◆ **Data segment**:
<<<<

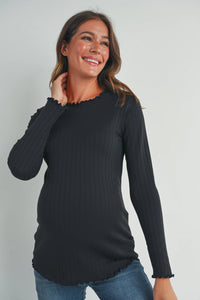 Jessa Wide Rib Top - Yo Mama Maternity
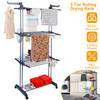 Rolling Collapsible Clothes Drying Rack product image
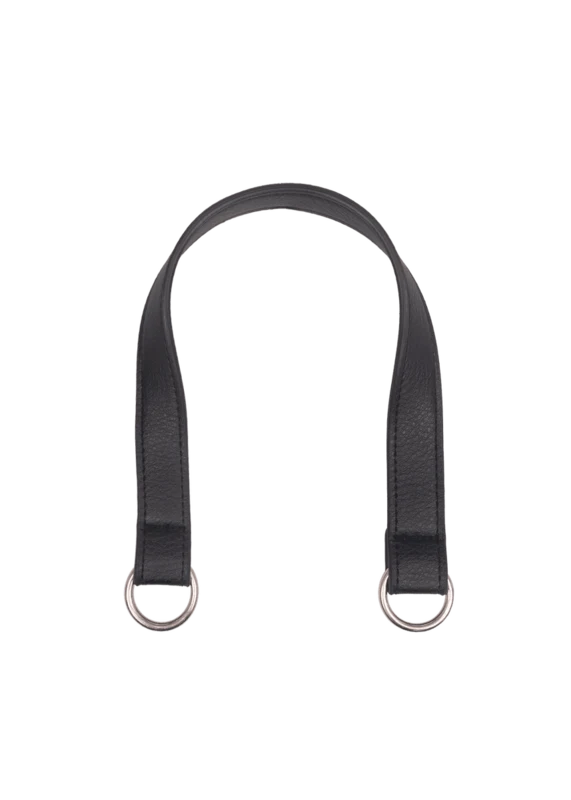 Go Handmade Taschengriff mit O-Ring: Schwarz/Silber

>>>>

◆ **Task objective**: Restate the data above word for word, omitting every picture.

◆ **Worked solution**:
 Jessa Wide Rib Top - Yo Mama Maternity
 Rolling Collapsible Clothes Drying Rack product image
 Go Handmade Taschengriff mit O-Ring: Schwarz/Silber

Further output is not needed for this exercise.